In a Sri Lankan hill‑country campus, a student once walked into a formal high‑table dinner wearing only a tie. The act was a silent rebellion against a dress code imposed by a colonial past, and it became the kind of story that outlived both the student and the rule itself. That incident, retold in Thalif Deen’s reminiscence “The lighter side of life at the Peradeniya campus,” opens a window into a world where humour, ritual, and razor‑sharp satire blended into a living archive of university culture. Deen’s piece, published in the Sunday Times, is more than a collection of amusing anecdotes—it is a cultural fingerprint of an institution that helped define Sri Lanka’s intellectual life in the mid‑20th century.
Peradeniya, founded as part of the University of Ceylon and officially opened in the 1950s, sits near Kandy amid lush greenery. It was designed as a residential campus with a strong liberal‑arts tradition, and its halls, societies, and formal dinners mirrored British academic rituals. Deen, a product of that environment, recalls an interconnected community where “anecdotes and legendary stories” circulated as currency. His article foregrounds nostalgia: a closed world of siestas, inside jokes, and unspoken social codes that forged lasting identities.
The Memory Economy of a Campus
Deen’s vignettes function as mnemonic anchors—compressed scenes that transmit tone, hierarchy, and everyday values. The most celebrated of these is the “viva voce” satire. The term, medieval Latin for “with the living voice,” refers to oral examinations that could determine a student’s fate. Deen retells a column by Mervyn de Silva, the legendary journalist and Peradeniya alumnus who wrote under the pen name Daedalus. In the fictional interview, a candidate is asked to name Britain’s first Labour prime minister. A tape recorder plays “Old McDonald Had a Farm,” and the board teases him with clues. After guessing “Mr Farm” and “Mr Old,” he finally lands on “Mr Macdonald,” to the board’s mock applause. The joke works on multiple levels: it parodies the anxiety of oral exams, the absurdity of rote historical memory, and the gap between formal knowledge and popular culture.

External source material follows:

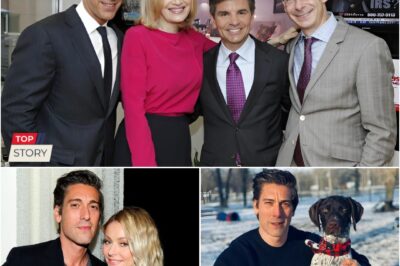 Fans Stunned as David Muir’s Private Heartbreak and Unimaginable Struggle Come to Light—Bold Confession Changes Everything, Leaving Viewers Speechless.C4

De Silva’s wit extended beyond the page. Deen recounts an exchange where a professor sarcastically noted de Silva’s rare attendance at an afternoon lecture. “No, Professor, I came to your lecture for my afternoon siesta,” de Silva shot back. Such repartee was integral to the campus’s social fabric—a way to navigate and occasionally subvert the rigid structures of academic life. The stories thus became a parallel curriculum, teaching students not just history or government but the art of witty survival.
Rituals and Rebellion: The High‑Table Tie
Formal dinners at Peradeniya were stage sets for British academic etiquette. Menus might be local, but the dress code—no sarongs, mandatory ties at high table—was pure Oxbridge. The naked‑student‑with‑a‑tie tale is the ultimate inversion of that ritual. By donning the symbol of colonial conformity while discarding every other garment, the unnamed undergraduate exposed the absurdity of the rule. The incident, likely embellished over retellings, encapsulates how students domesticated imported customs: they mastered the rules, then weaponized them for comedy.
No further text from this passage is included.